Savez-vous qu’en ce prochain 31 octobre 2017, se déroule un jour de commémoration important pour les chrétiens du monde entier, notamment pour ceux qui appartiennent au protestantisme ? Voici 500 ans, le 31 octobre 1517, sur la porte de l’église du château de Wittenberg un moine allemand, Martin Luther affiche 95 thèses et dénonce les scandales de l’église de son temps. Sans s’en douter, il jette ainsi les bases pour le protestantisme et est l’initiateur important pour la Réforme. Ce jour du 31 octobre est donc appelé : Jour de la Réforme et symbolisé par cette formule : « Sola Scriptura, Solus Christus, Sola gratia, Sola fide, Soli Deo gloria »

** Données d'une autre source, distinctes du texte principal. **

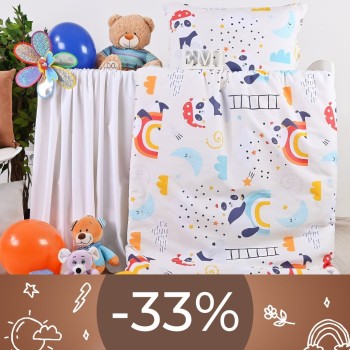 Obliečky detské Pandy biele...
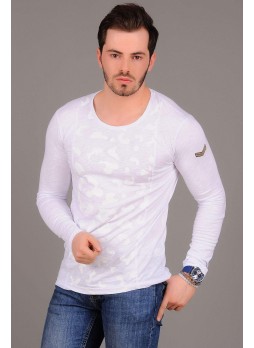 Apoletli Desenli Beyaz Sweat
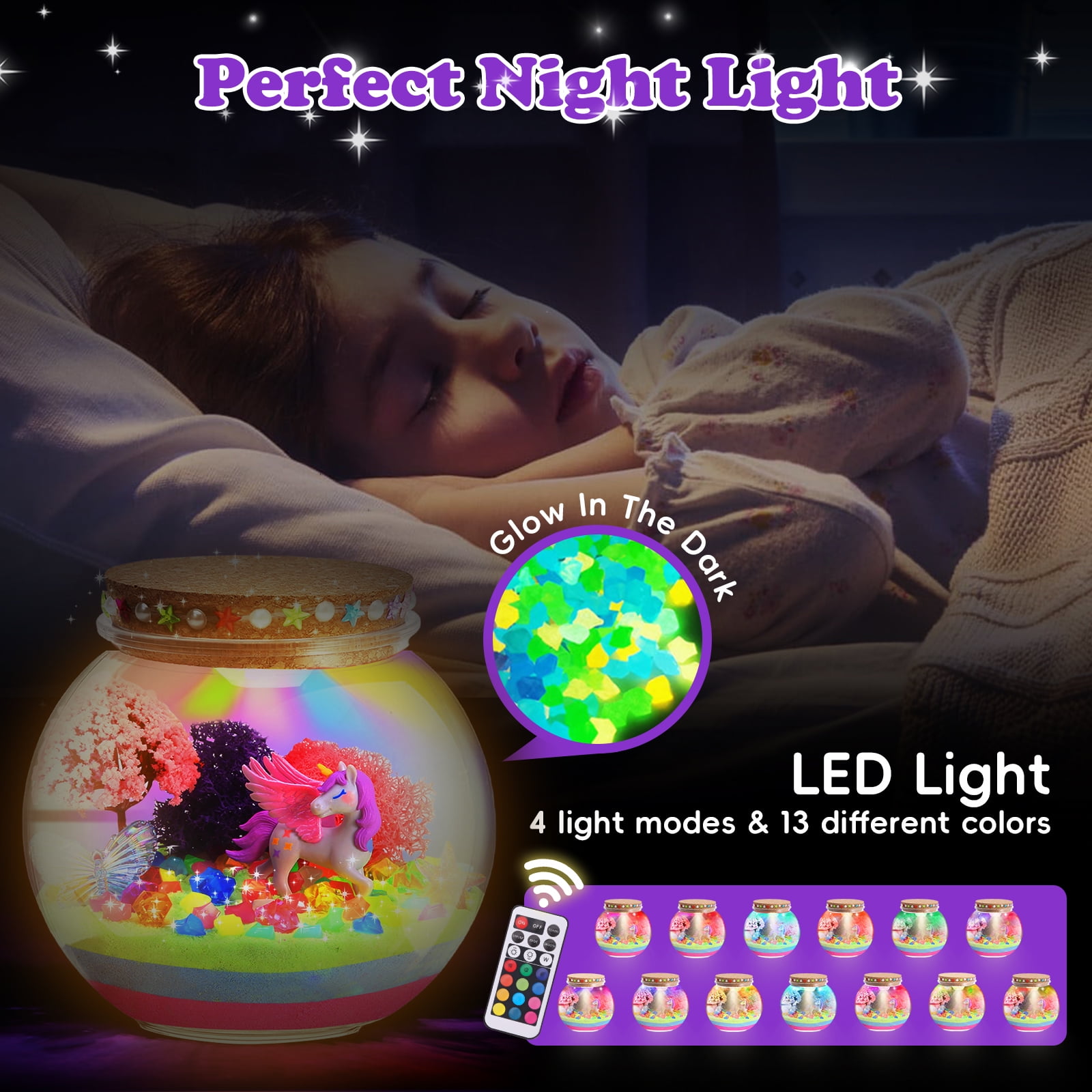 Unicorn Light-Up Terrarium Kit for Kids - LED Night Light Birthday Gifts，Unicorn Toys for Girls Ages 4-12 Year Old， Kids Arts and Crafts Kit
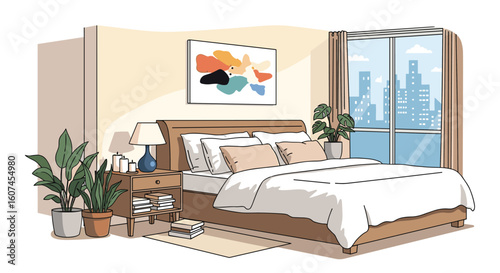 Cozy bedroom oasis with city view and lush greenery for ultimate relaxation and comfort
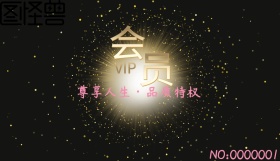 酷黑粉色印花时尚大气VIP会员卡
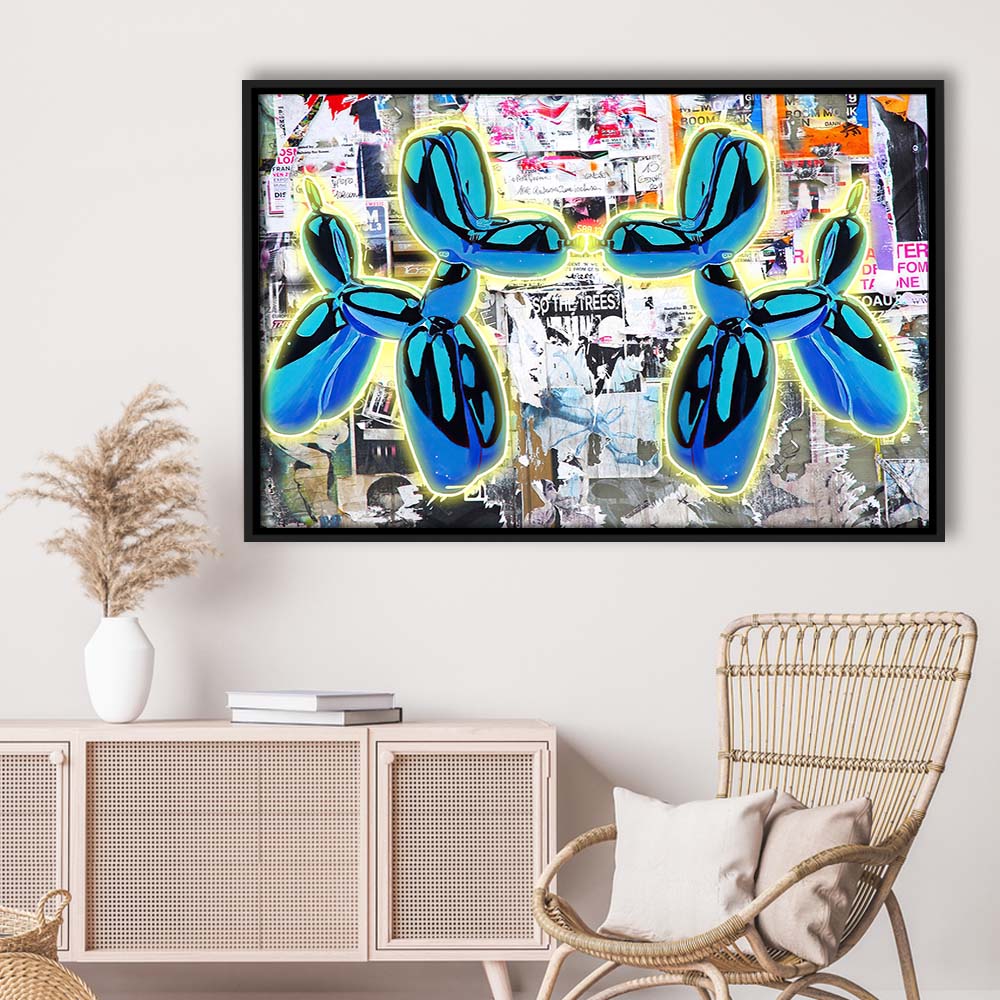 Blue Twin Balloon Dog Art Print, Framed Canvas Print Wall Art Decor, Floating Frame, Neon Effect Art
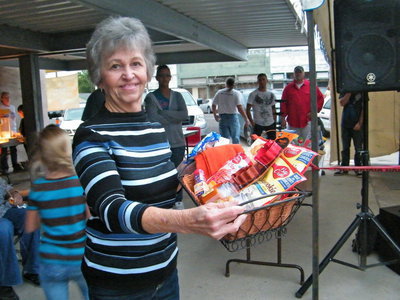 Image: Lorene Winchester — Lorene won this beautiful basket full of goodies that was a raffle prize. Raffle tickets were handed out and several prizes were won.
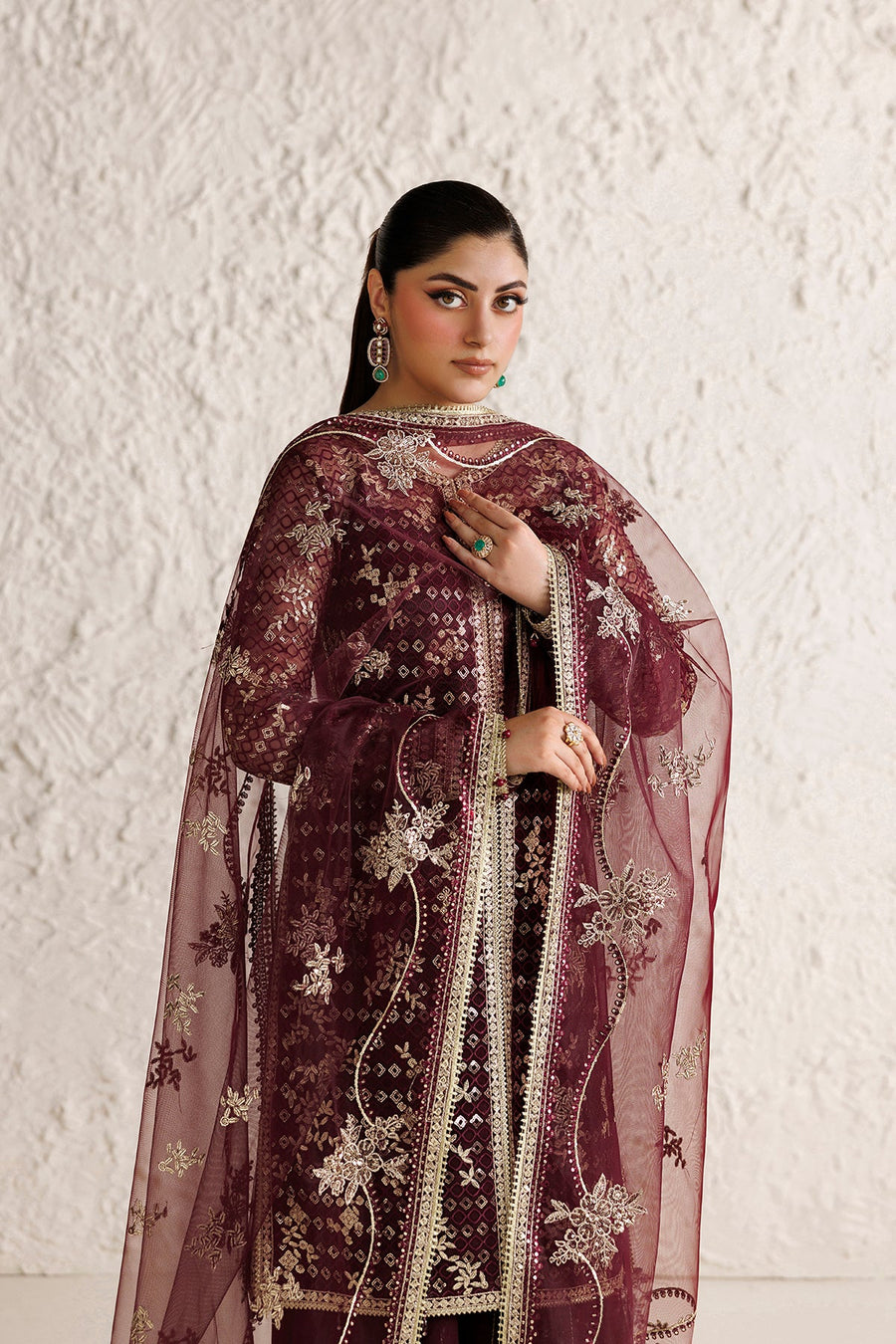 Farasha Luxury Formal Embroidered Net Unstitched 3Pc Suit - Merlot Dusk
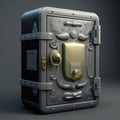 ai generated retro strong metal safe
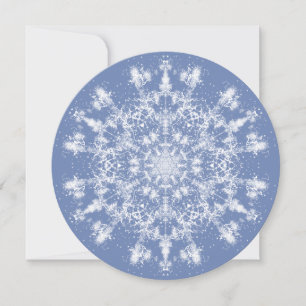 Tarjeta Festiva Copo de nieve fractal abstracto y delicado sobre f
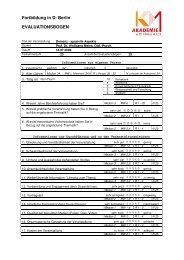 Fortbildung in D- Berlin EVALUATIONSBOGEN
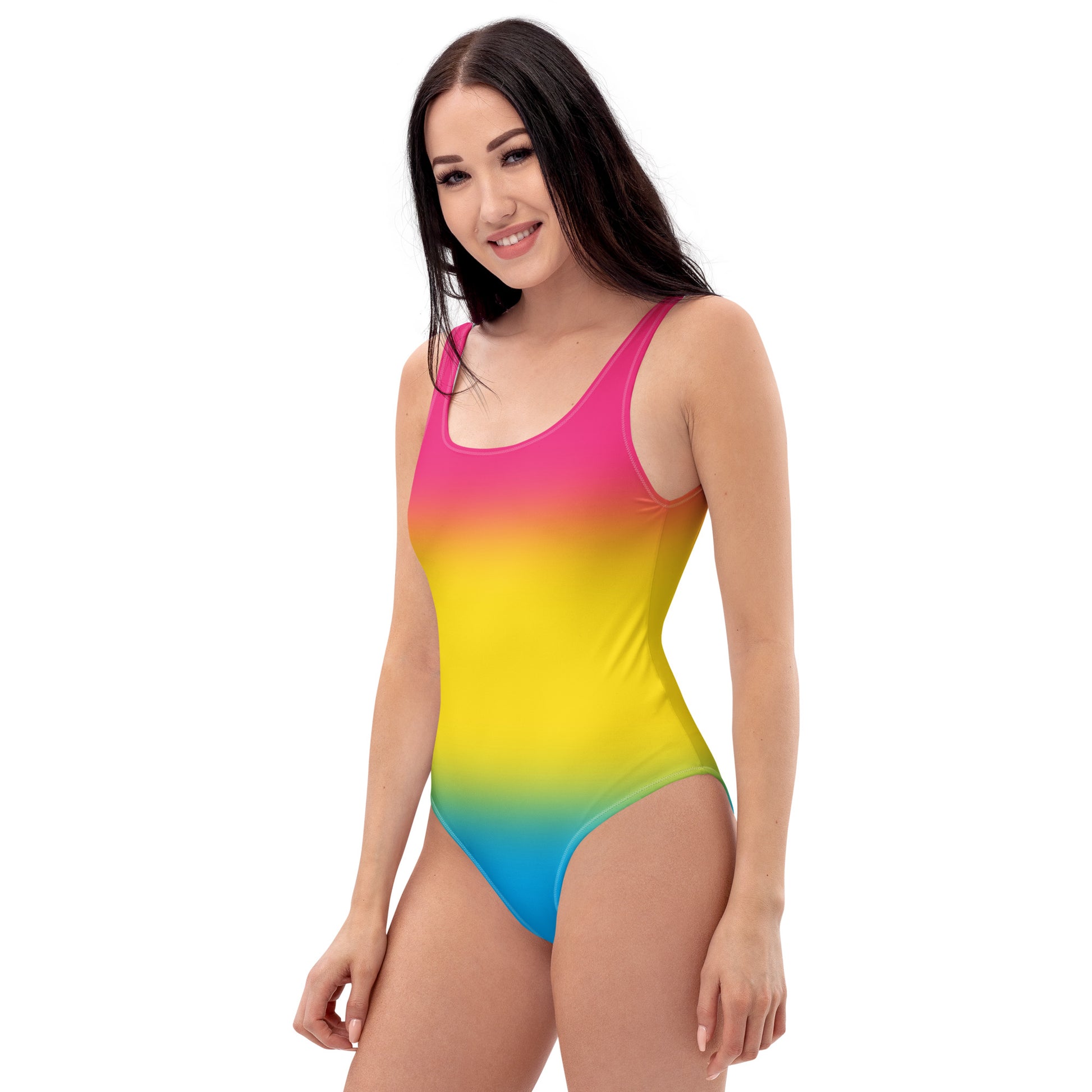 Woman wearing a colorful pansexual pride flag gradient swimsuit on a white background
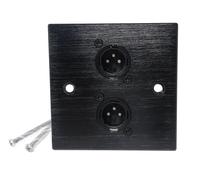 Placa frontal de pared de aluminio cepillado de 3 pines XLR macho serie D, placa de metal duradera para audio, amplificador, micrófono, mezclador y cable de conexiones de altavoz, tornillos incluidos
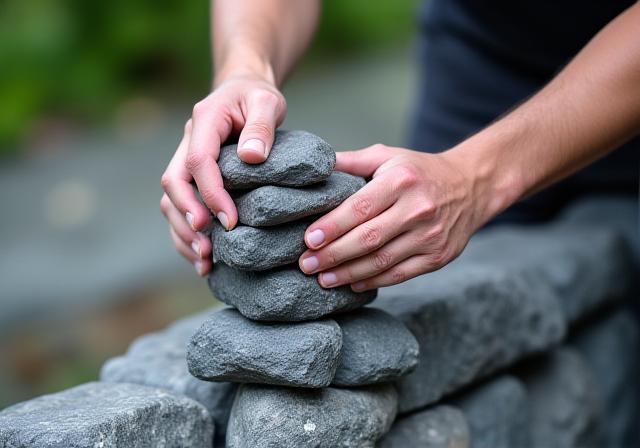 熟練の職人による石積みの施工風景
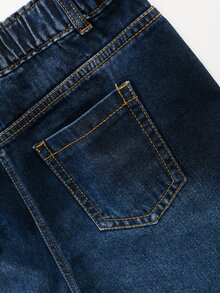 Tween Boys Washed Dark Blue Loose Tapered Jeans - Casual Denim Pants With Faded Detail & Elastic Waist - Dark Wash - View 7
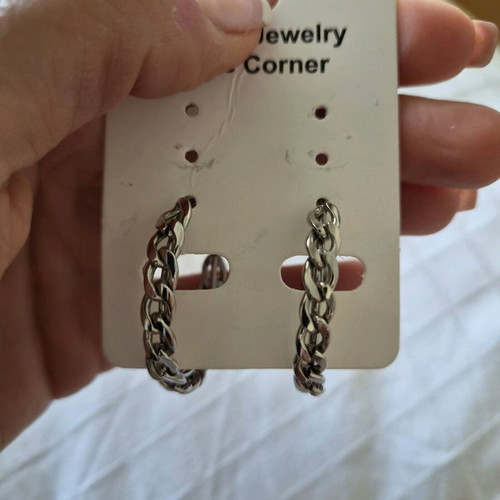 Chain hoop earrings like new, 3.5cm diameter, silver
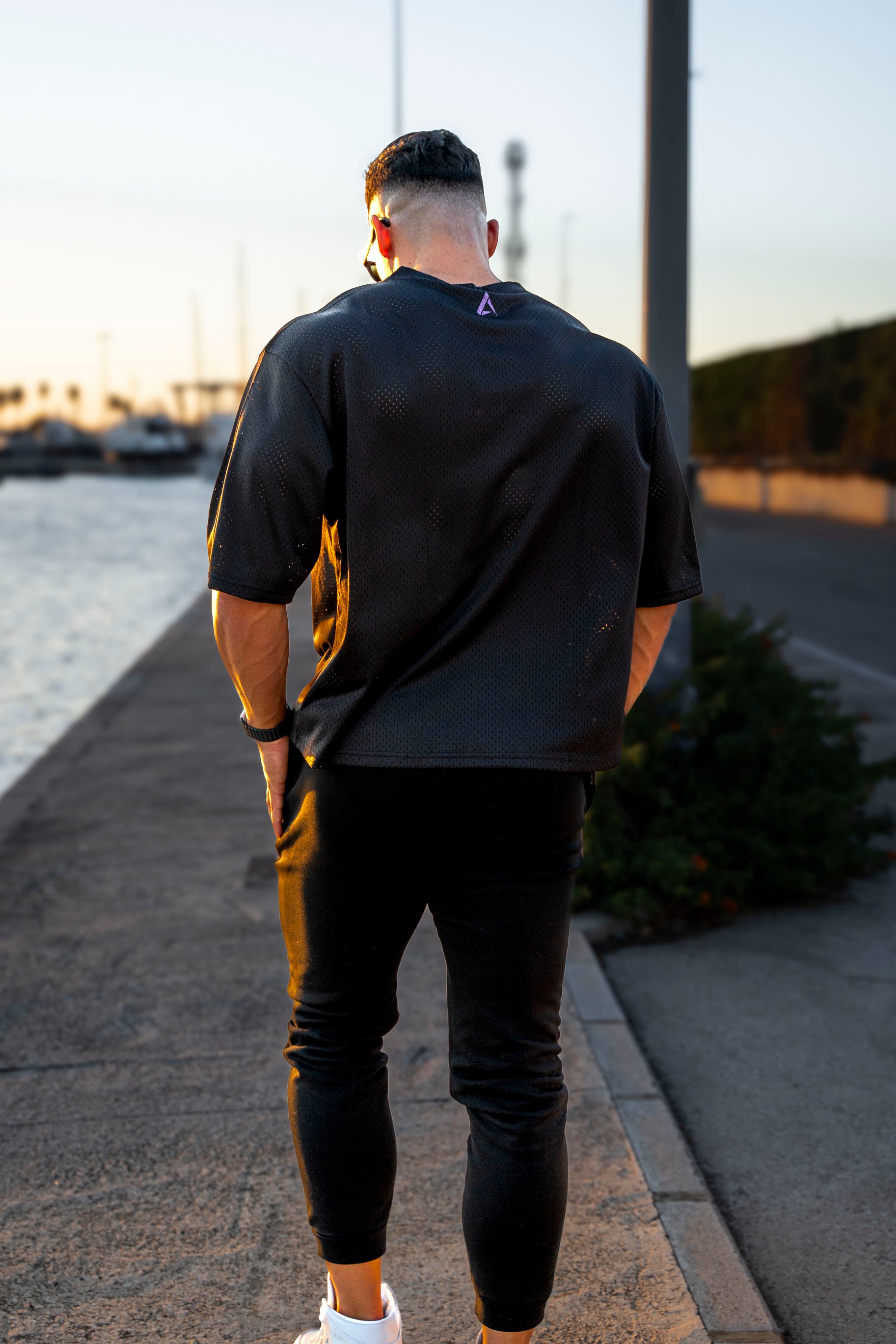 American Football Cropped Tee - Iridian Black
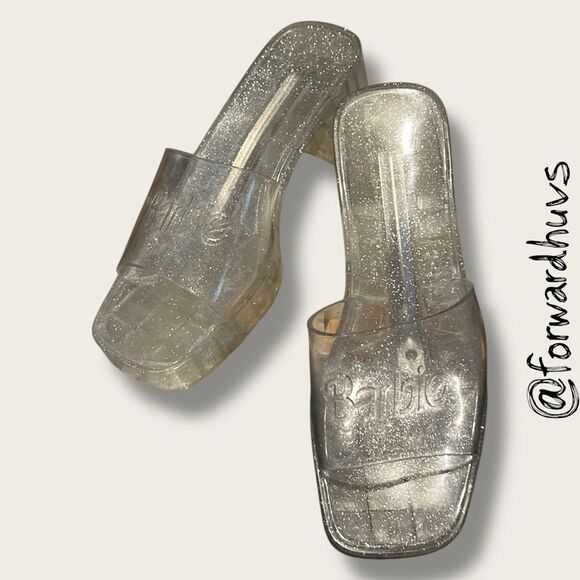 Barbie Glitter Jelly Heels 1” Platform 2” Heel – Slip-On Sandals Size 8 - Picture 1 of 9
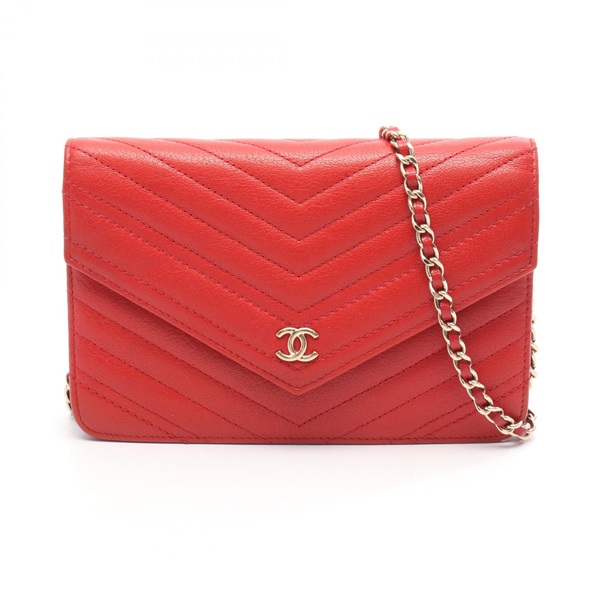 CHANEL Chevron V Stitch Chain Shoulder Bag AP0250 leather Red Used Women GHW CC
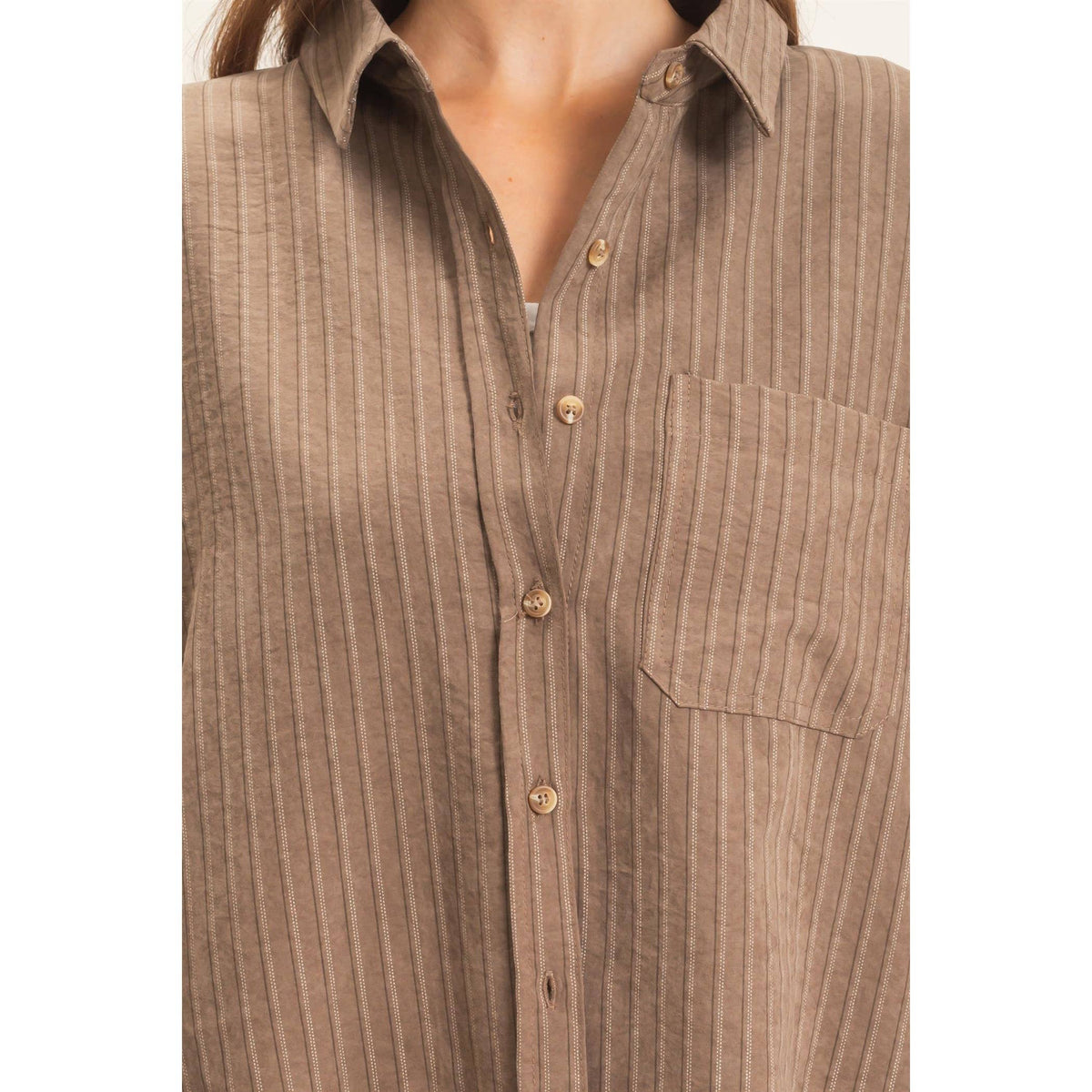 Striped Brown Button-Up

Pendant longtemps avant cet important jour du 31 octobre 1517, Martin Luther avait cherché avec désespoir une réponse à la question : « Comment puis-je trouver un Dieu miséricordieux, un Dieu de grâce ? ». A l’occasion du jour de la Réforme, je vous invite à suivre quelques réflexions fondamentales sur la grâce de Dieu. Car être pleinement conscient de l’immense profondeur et grandeur de la grâce de Dieu, peut nous aider à vivre et servir dans la joie, nous donner une confiance profonde dans notre vie. Mais pour que cela devienne possible il faut que nous soyons aussi pleinement conscient que nous avons tous, tous sans exception besoin de cette grâce.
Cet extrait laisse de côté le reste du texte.